State lawmakers on a health and human services interim committee voted Friday to advance a bill that, if passed by the Legislature next year and eventually signed into law by the governor, would reform Montana’s child welfare system and limit the circumstances where the state can remove children from their homes.
The decision came despite pushback from officials with the state attorney general’s office, the state health department, the Montana County Attorneys Association, and some Democratic lawmakers. Opponents expressed concerns that the changes wouldn’t improve the child welfare system and might instead put children at risk by keeping them in potentially abusive and neglectful households.
All five Republicans and one of five Democrats on the committee voted to adopt the bill proposal, saying it would help protect the legal rights of parents and children and limit the instances of non-emergency child removals. Interim committees are bipartisan groups that study issues between the Legislature’s every-other-year sessions and propose legislation for consideration by the full, partisan House and Senate.
If the bill becomes law, the state health department’s Child Protective Services (CPS) program would be required to receive a judicial warrant before taking a child out of their home in most cases.

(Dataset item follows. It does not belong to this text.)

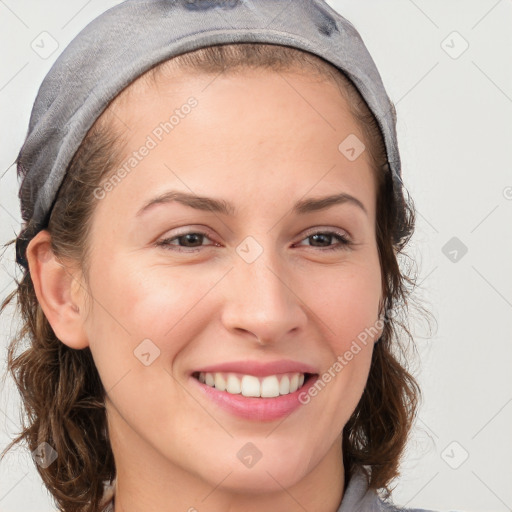 Joyful white young-adult female with medium  brown hair and blue eyes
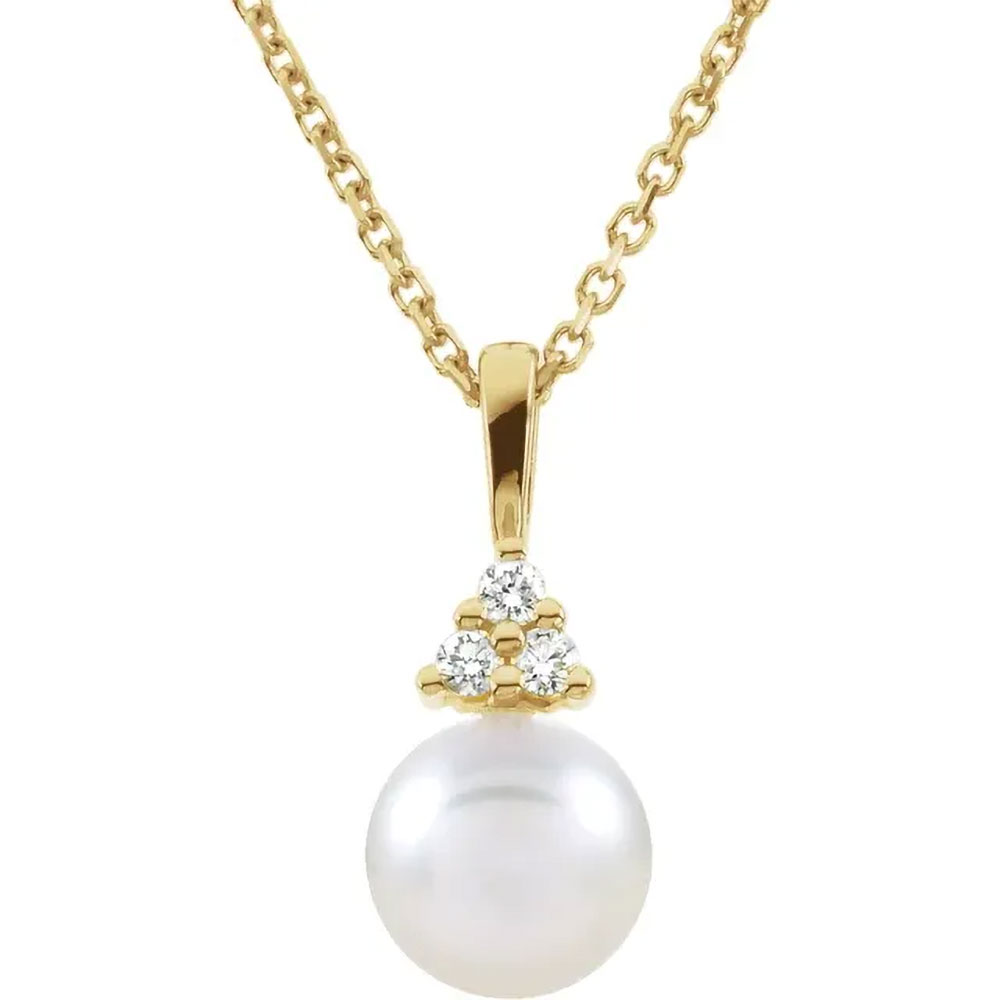 A product image of a pearl necklace with diamonds in 14k yellow gold.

Additionally, the bill would mandate all children in abuse and neglect cases would be represented by legal counsel and would require district courts to hold a first-appearance hearing with the family, health department and prosecutors within 72 hours of a child’s removal.
The bill would also prohibit a child’s removal solely on the basis of parental substance use, disorderly living conditions, economic status, or childhood obesity.
That more narrow definition of “neglect,” particularly as it relates to parental drug or alcohol use, received strong pushback from multiple state child welfare officials.
Montana Department of Justice Special Services Bureau Chief Dana Toole, who oversees the state’s Child and Family Ombudsman Program, testified that more than half of the children who died in 2021 after CPS involvement were infants. Toole said drug and alcohol use was an indicator of abuse and neglect in at least six of those cases.
“When there are drugs or alcohol, substance abuse disorders or drugs available and accessible in a home where there is an infant … parenting is impaired,” Toole said. “I am concerned that changes in code about decisions to remove infants could increase child fatalities in Montana.”
State health department officials also testified against the bill, particularly because of the requirement for CPS workers to obtain a judicial warrant for removing children in most cases. The bill would allow warrantless removals in cases where “the child is likely to experience sexual abuse or serious bodily injury” in the length of time it would take for workers to get a warrant.
Requiring warrants in most circumstances, health department staff said, would be a burden on child welfare caseworkers who sometimes need to act swiftly to separate children from parents.
“The reality [is] most emergency removals are necessary for a parent being unavailable to parent and having no other safe caregiver in the home. Often they’re being arrested, or so out of control it’s unsafe for the children and others to be around that parent,” said Nikki Grossberg, administrator of the Child and Family Services Division. “By requiring a warrant in these situations, this puts an unnecessary burden on a system to request to remove a child when there’s no parent available to provide that warrant to.”
Some committee members, including the bill’s primary drafter Rep. Danny Tenenbaum, D-Missoula, said the warrant requirement and the inclusion of legal counsel for children were necessary reforms to bring Montana in line with the constitutional right to due process under the law.
In an exchange with state health department attorney Chad Parker, Tenenbaum read the legal standard from a 2018 court ruling from the U.S. Court of Appeals for the 9th Circuit.
“‘It is a requirement of the Fourth Amendment that children may not be removed from their homes without a court order or warrant absent cogent, fact-focused, probable cause to believe that children would be imminently subject to physical injury or physical sexual abuse,’” Tenenbaum read. “That is what the Constitution requires, and that is the standard that this bill incorporates to a tee. Is it the department’s position that this isn’t the standard that they need to abide by?”
Parker said the agency’s current practices are in compliance with the Fourth Amendment but that the language proposed bill does not account for all of the risks that could be considered ‘imminent harm.’
“We believe that it does not allow, as I’ve stated, for all the circumstances under which a child removal would be required if there is imminent harm,” Parker said. “There’s a whole wide scope of imminent harm that our interpretation indicates is not covered by the restrictive language [in the bill draft].”
Committee Chairman and Rep. Ed Stafman, D-Bozeman, tried to address the department’s concerns by proposing an amendment that would broaden the opportunities for warrantless removals in order to give the child protection caseworkers more flexibility.
“It’s not a one size fits all world,” said Stafman. “We have to give them enough discretion to do their job.”
Stafman’s amendment failed after receiving opposition from the committee’s five Republicans and two Democrats. One of those opponents was Rep. Dennis Lenz, R-Billings, who said a more permissive removal statute would be contradictory to the purpose of limiting childhood removals from the home.
“What we’re trying to say is that we want to be removing for something serious,” Lenz said. “That’s how I’m taking this. And I’m resistant to expanding that.”
Despite long study periods and bipartisan support, bills devised by the legislative interim committees often face headwinds when the regular session gets underway. Lenz said as much in his comments about the proposed child welfare bill, calling it a “good start” for future debates.